Heute am Radio hörte ich eine Reportage über eine neue und bisher eher unbekannten Krankheit. Eindringlich wurden die vielfältigen Symptome geschildert, Betroffene kamen zu Wort und die Adresse der frisch gegründeten Selbsthilfeorganisation wurde mehrmals wiederholt – auf dass sich aus dem kleinen Trüppchen Leidender alsbald ein gewaltiges Heer bilde.

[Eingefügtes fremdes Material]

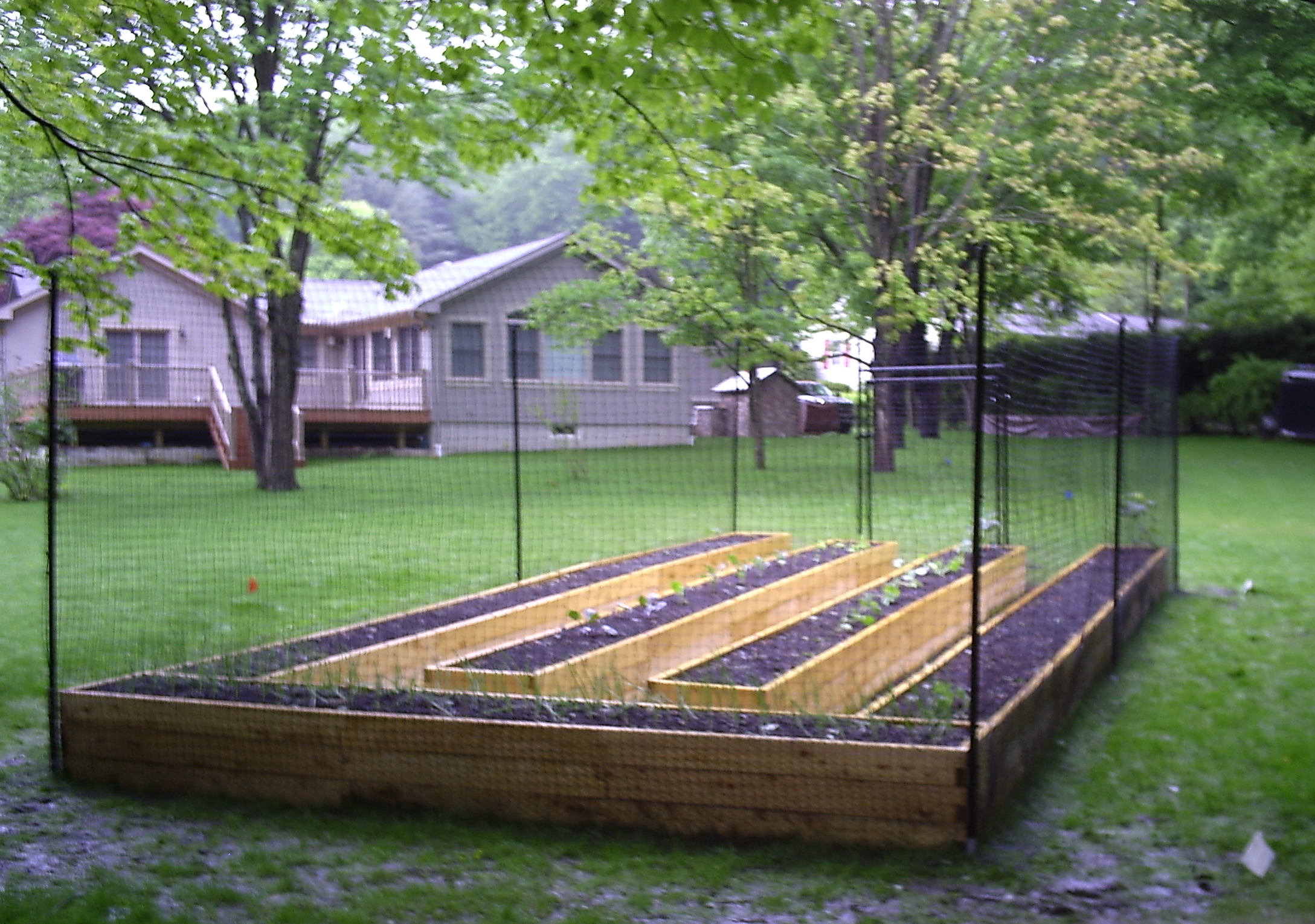 Vegetable Garden Fence Ideas Hawk Haven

Ich verzichte darauf, hier die Krankheit oder deren Symptome zu nennen, von denen einige sicher auch auf Sie und mich zutreffen. Ich bin es nämlich leid, täglich neue Schreckensbotschaften aus dem Reich der Medizin zu hören. Nicht zuletzt dank den Medien, die gemäss dem Motto «bad news are good news» gerne solche Meldungen verbreiten, hat sich in unserer Wohlstandsgesellschaft ein Klima der Angst und der Angstmacherei gebildet. Gezielt schüren Spitzenmedizin und die Pharmaindustrie die Angst vor Schmerz, Tod und neuen Krankheiten, denn damit lässt sich viel Geld verdienen. Jahr für Jahr kommen neue Medikamente auf den Markt, die verkauft sein wollen. Jahr für Jahr werden neue Impfungen angeboten, die diese, eine und jene Krankheit verhindern sollen. Jahr für Jahr starten Apotheken neue Aktionen, um uns Konsumenten in die Läden und zum Arzt zu treiben. Die Krebsliga, die Lungenliga, die xy-Liga.....alle warnen sie unablässig vor schlummernden Krankheiten, drohenden Seuchen und qualvollem Leiden – und selbstverständlich finden sich auch immer arme Vorzeigeopfer, respektive solche, die nur dank dem Einsatz der Pharma noch am Leben sind (wie immer das auch aussieht!).
Aber lassen wir das. Stellen wir uns einfach die Frage: Warum heisst unser Gesundheitssystem eigentlich Gesundheitswesen – und nicht ANGSTsystem und KRANKEITSwesen. Es wäre ehrlicher!